- YOUR OBJECTIVE:
No pictures, please. Copy exactly the lines from the one with "Mixy Artificial Plants Plot Indoor Decor" through the final line below.
[[ MATERIALS PROVIDED, beginning ]]
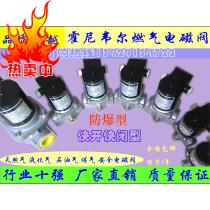 Honeywell Solenoid VE4015A1146 VE4015A1005 Solenoid Solenoid Valve VE4025A1210 Direct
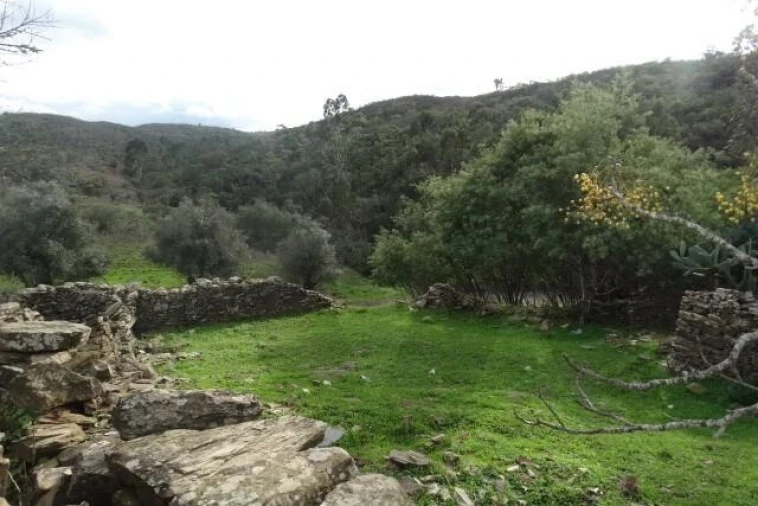 Terreno para Venda em Santana da Serra Foto 15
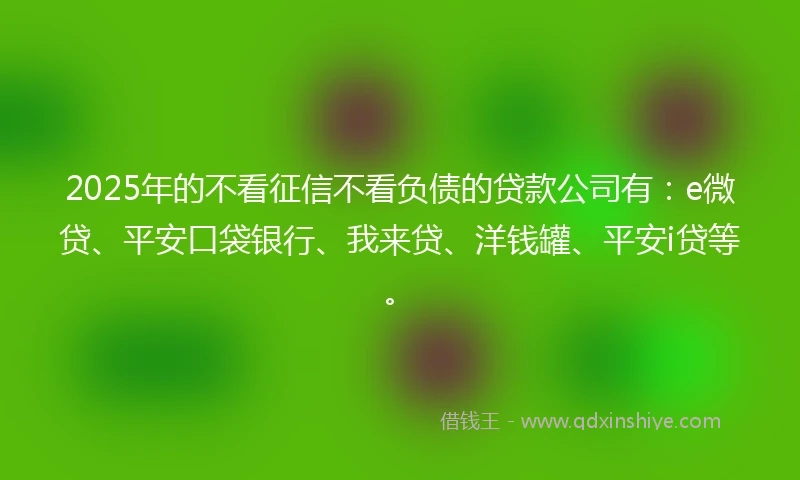 2025年的不看征信不看负债的贷款公司有:e微贷、平安口袋银行、我来贷、洋钱罐、平安i贷等。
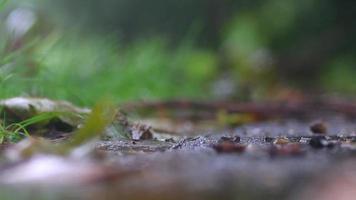 chuva de outono. vegetação e detalhes de gotas de água em um dia chuvoso de outono no parque video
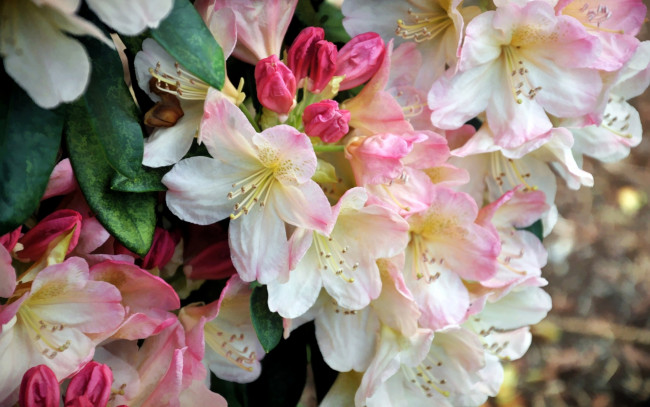 Обои картинки фото цветы, рододендроны , азалии, рододендрон, макро, азалия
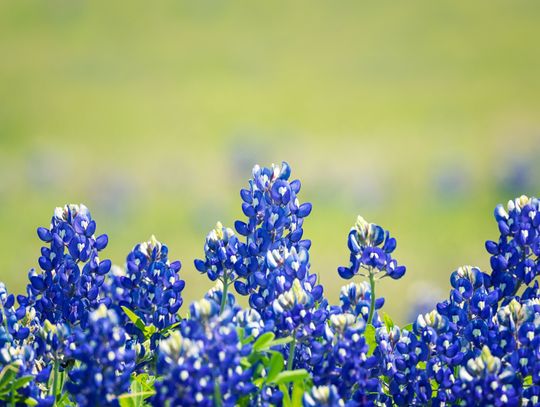 Bluebonnet Master Gardener Association hosts Lunch-N-Learn series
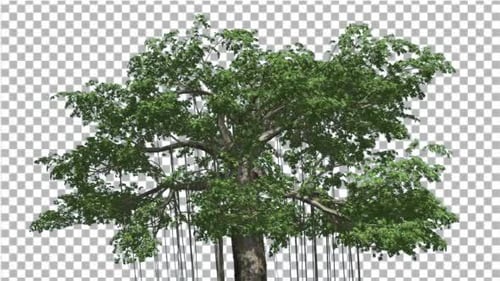 Der schwankende Baum des Kapok schwankt im Wind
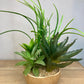 Mixy Artificial Plants Plot Indoor Decor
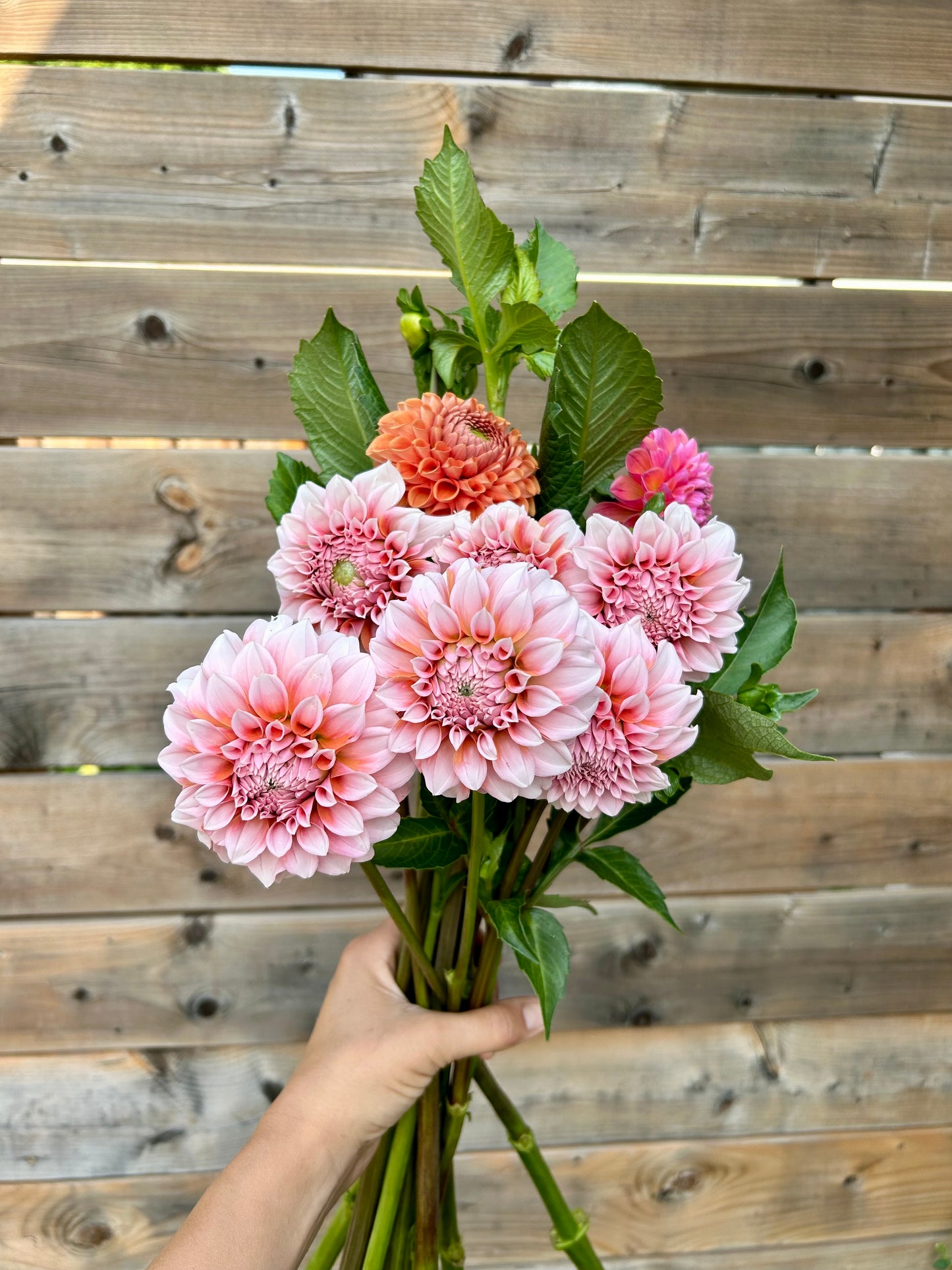 Dahlia Tuber - Peaches N Cream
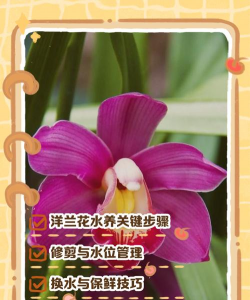 小众送妈妈的花有哪些花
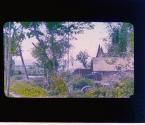[Untitled]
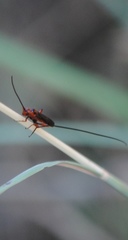 Glyptomorpha pectoralis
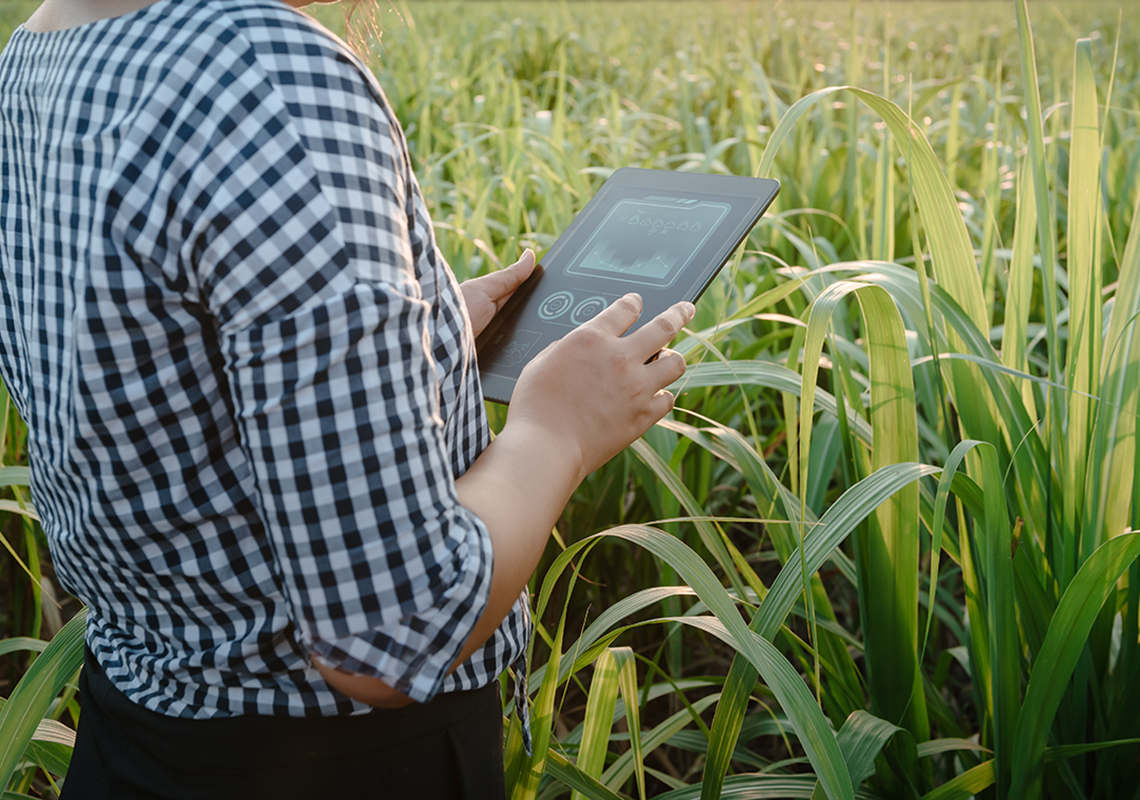 A digital tablet that is being held up in front of plants to analyze plant disease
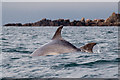 NR2940 : Bottlenose dolphins below Beinn Mhor by Douglas Wilcox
[[ MATERIALS PROVIDED, end ]]
- WRITTEN SOLUTION:
 Mixy Artificial Plants Plot Indoor Decor
 Dahlia Tuber - Peaches N Cream
 小众送妈妈的花有哪些花
[Untitled]
 Glyptomorpha pectoralis
 A digital tablet that is being held up in front of plants to analyze plant disease
 NR2940 : Bottlenose dolphins below Beinn Mhor by Douglas Wilcox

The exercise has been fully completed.